Jumat, Desember 27, 2024

Dr. EFRI JHONLY MELAWAN MAFIA TANAH DAN PERIZINAN

Dr. Efri Jhonly Ketua IKA Universitas Jayabaya dan Komisaris Aplus Pacific

Lahan seluas 250 hektar yang direncanakan sebagai kawasan industri, ternyata izin lokasinya sudah atas nama orang lain. Kok bisa?

Bagai padi yang di rendang di kuali hingga kulitnya pecah meletup. Begitulah kondisi Efri Jhonly yang tak lagi mampu meredam kegeramannya.

Gerangan apa yang membuatnya meradang. “Mafia perizinan,” ujar Efri Johnly Ketua Ikatan Alumni (IKA) Universitas Jayabaya dan Komisaris Aplus Pacific tanpa tedeng aling-aling.

Semula dirinya berharap, keberadaan Undang-Undang Cipta Kerja menjadi senjata pamungkas dalam memberantas mafia perizinan. Hanya saja dalam pelaksanaannya di lapangan, lebih mirip ‘macan ompong’ saat mengurus perizinan.

Bukan hanya Jhonly atau ‘jhonly-jhonly’ lainnya, dalam suatu kesempatan Bahlil Lahadalia yang saat itu masih menjabat Kepala Badan Koordinasi Penanaman Modal (BKPM) sempat mengungkapkan uneg-uneg yang sama.

“Sehebat apa pun regulasi yang dibuat, Undang-Undang Omnibus Law sekali pun, persoalan realisasi investasi itu tidak semata-mata faktor kendala regulasi.
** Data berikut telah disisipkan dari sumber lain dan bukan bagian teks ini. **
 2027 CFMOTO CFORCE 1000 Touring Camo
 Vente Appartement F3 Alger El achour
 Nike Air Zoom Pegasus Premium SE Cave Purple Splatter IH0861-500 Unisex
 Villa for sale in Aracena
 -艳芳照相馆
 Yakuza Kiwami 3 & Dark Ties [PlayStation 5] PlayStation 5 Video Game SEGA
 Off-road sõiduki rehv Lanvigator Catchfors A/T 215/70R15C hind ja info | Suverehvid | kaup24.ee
Banyak hantu-hantu yang ada di lapangan!” ujar Bahlil di Februari 2020 lalu.

“Banyak hantu-hantu yang ada di lapangan. Itu luar biasa mafia tanah, ada pemain-pemain lokal. Dan yang bisa menyelesaikan hantu-hantu adalah orang yang pernah belajar jadi hantu dan atau dia pernah menjadi hantu,” lanjutnya.
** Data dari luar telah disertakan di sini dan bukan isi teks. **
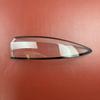 For BYD Seal 2021 2022 2023 Outside Auto Tail Light Caps Car Taillight Cover Taillamp Transparent Lampshade Lamp Case Lens Shell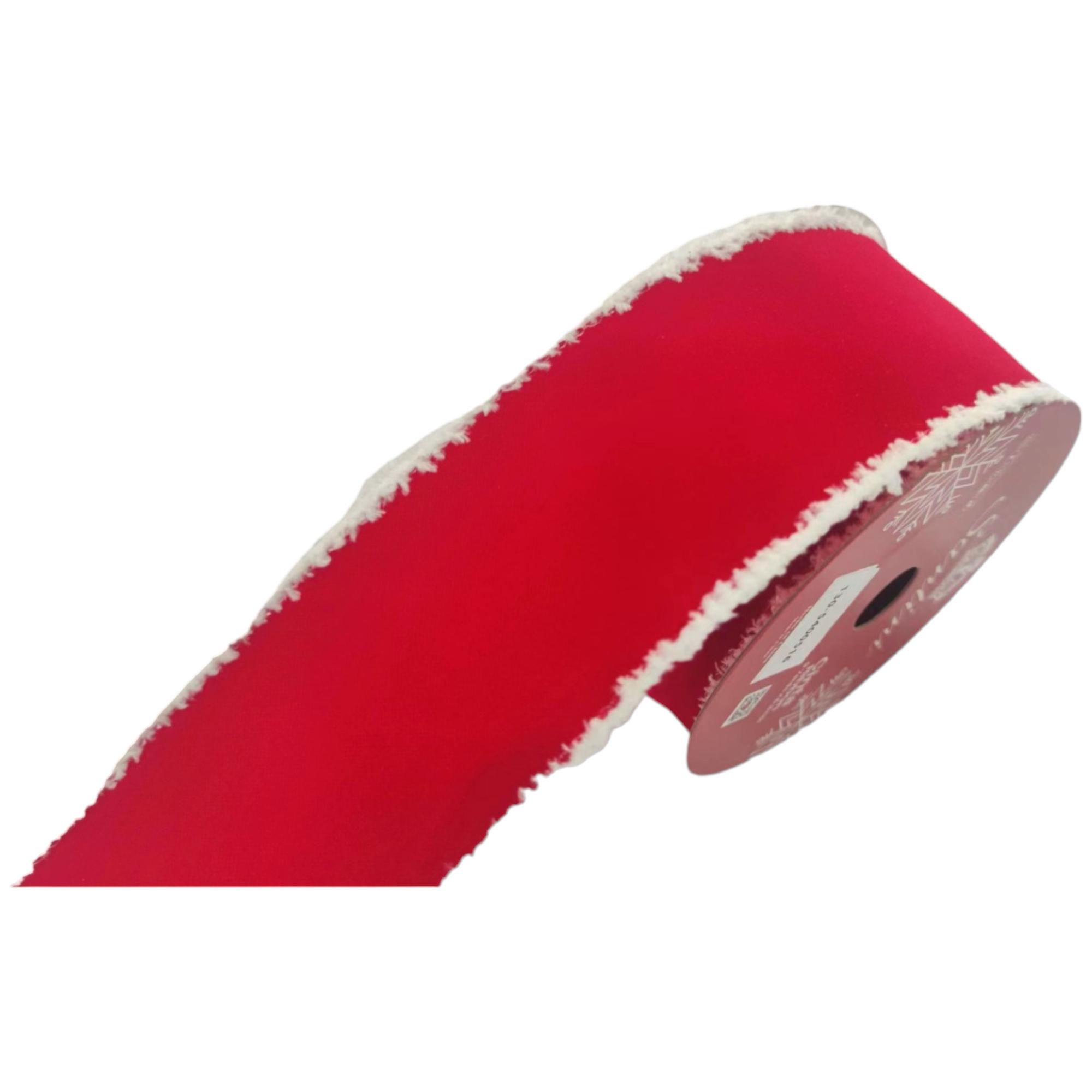 6.3CM X 9 YARD RIBBON - 130-5400516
Hanya saja hantu-hantu itu masih saja bergentayangan. Bukan boleh hasil dengar cerita atau katanya-katanya, tapi dialami langsung oleh Efri Jhonly.

“Saya punya lahan seluas 250 hektar di bilangan Bekasi untuk dijadikan kawasan industri,” ujarnya.

“Saat mau diurus perizinannya, ternyata mengalami kesulitan untuk menerbitkan izin lokasi. Ternyata di atas lahan yang kami punya sudah ada izin lokasi milik orang lain berdasarkan izin prinsip pembebasan. Bayangin, lahannya milik kita tapi izin lokasinya atas nama orang lain. Kok bisa?”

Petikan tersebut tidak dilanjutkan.